Instructions to follow:
Produce exactly the lines from the one holding "Enitial Lab Luxurious" through the last line of the data below, with every picture left out.

Records from a data collection
Segment Open

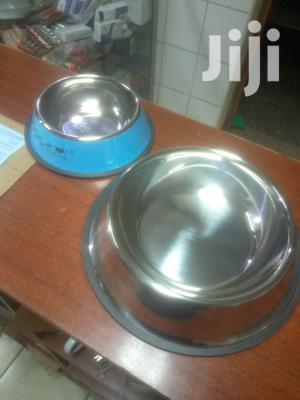 Stainless Steel Dog Feeding Bowl - Small Size - thumbnail 2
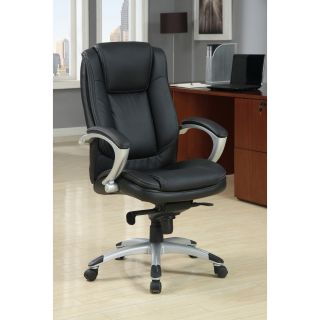 Enitial Lab Luxurious Adjustable Padded Leatherette Office Chair Today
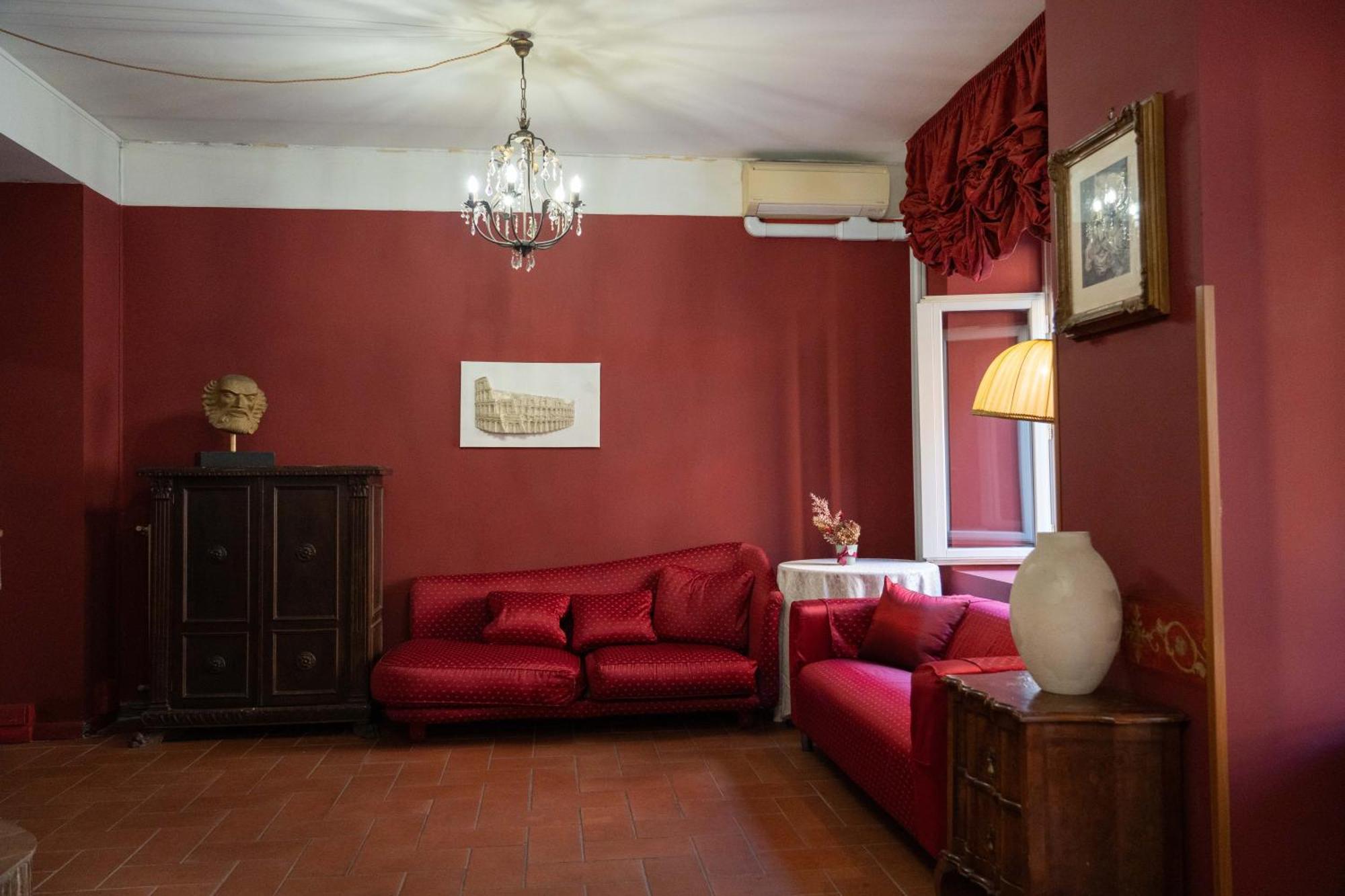 Imperial Guesthouse Roma Exterior foto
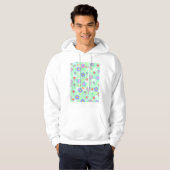 Overlayer Flowers Hoodie (Voorkant volledig)
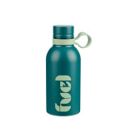 Bouteille isolé 400 ml fuel (vert jade)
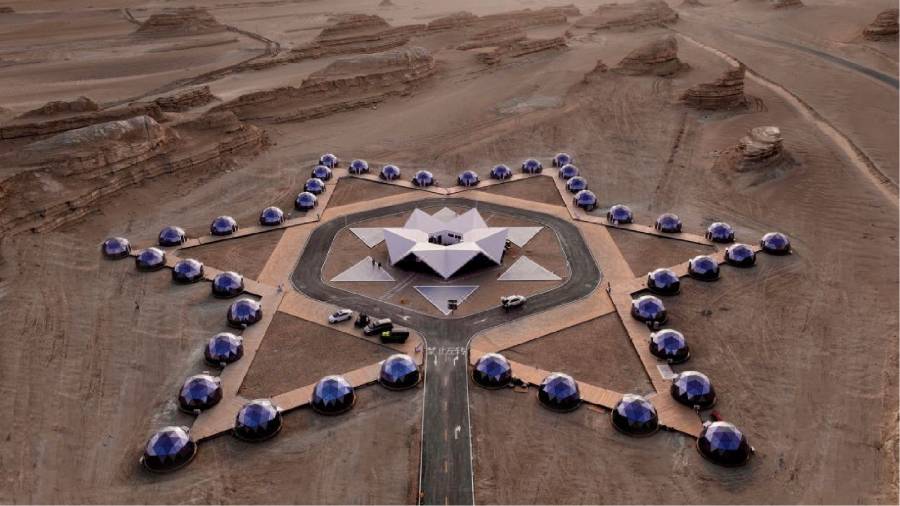 火星移民预演场——模拟外星环境的极端生存训练西吉县户外野奢帐篷实验项目
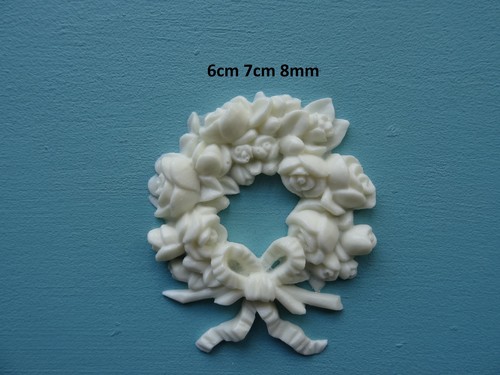 Decorative shabby chic resin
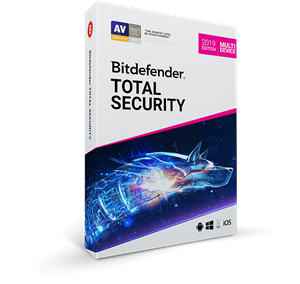 Bitdefender TOTAL SECURITY 2019 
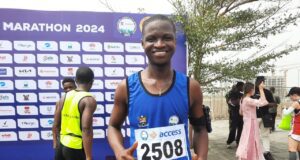 Joseph Oluwatosin Debut At Access Bank Lagos City Marathon – A Mixed Experience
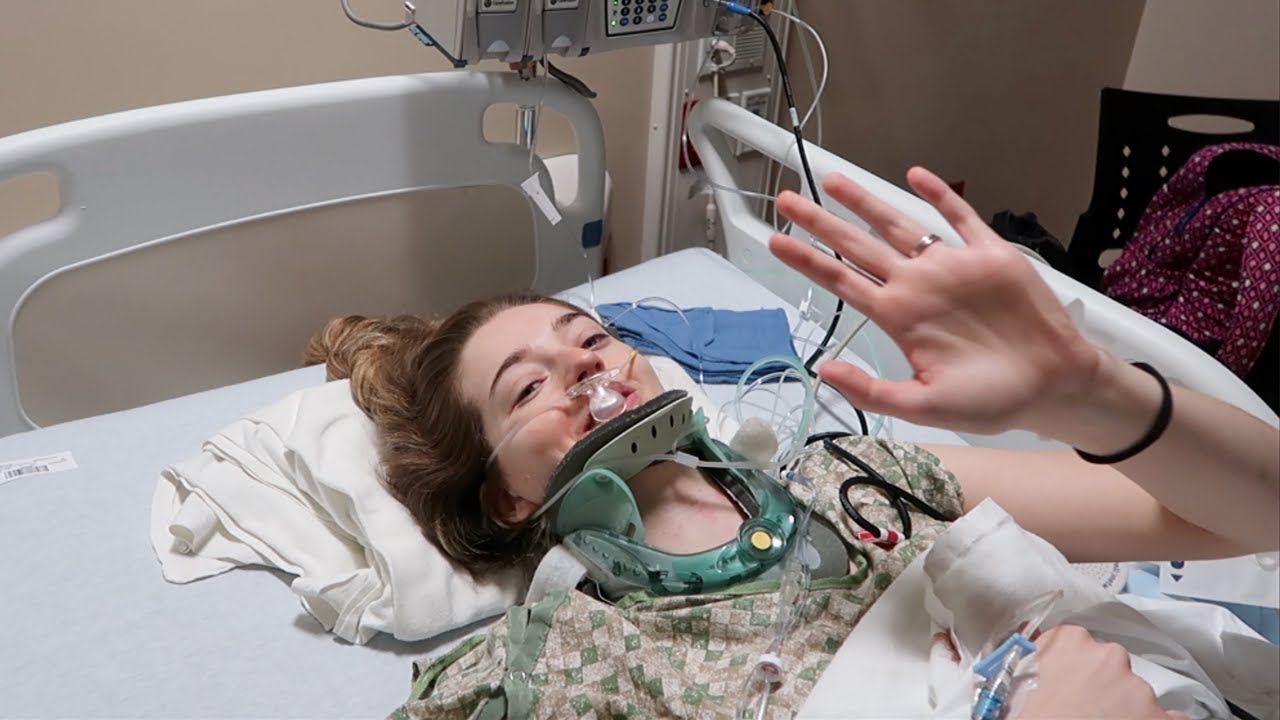 HOSPITAL VLOG 🏥// Tethered Cord Release Surgery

Segment Closed

Answer box:
 Enitial Lab Luxurious Adjustable Padded Leatherette Office Chair Today
 Imperial Guesthouse Roma Exterior foto
 Overlayer Flowers Hoodie (Voorkant volledig)
 Bouteille isolé 400 ml fuel (vert jade)
 火星移民预演场——模拟外星环境的极端生存训练西吉县户外野奢帐篷实验项目
 Decorative shabby chic resin
 Bitdefender TOTAL SECURITY 2019 
 Joseph Oluwatosin Debut At Access Bank Lagos City Marathon – A Mixed Experience
 HOSPITAL VLOG 🏥// Tethered Cord Release Surgery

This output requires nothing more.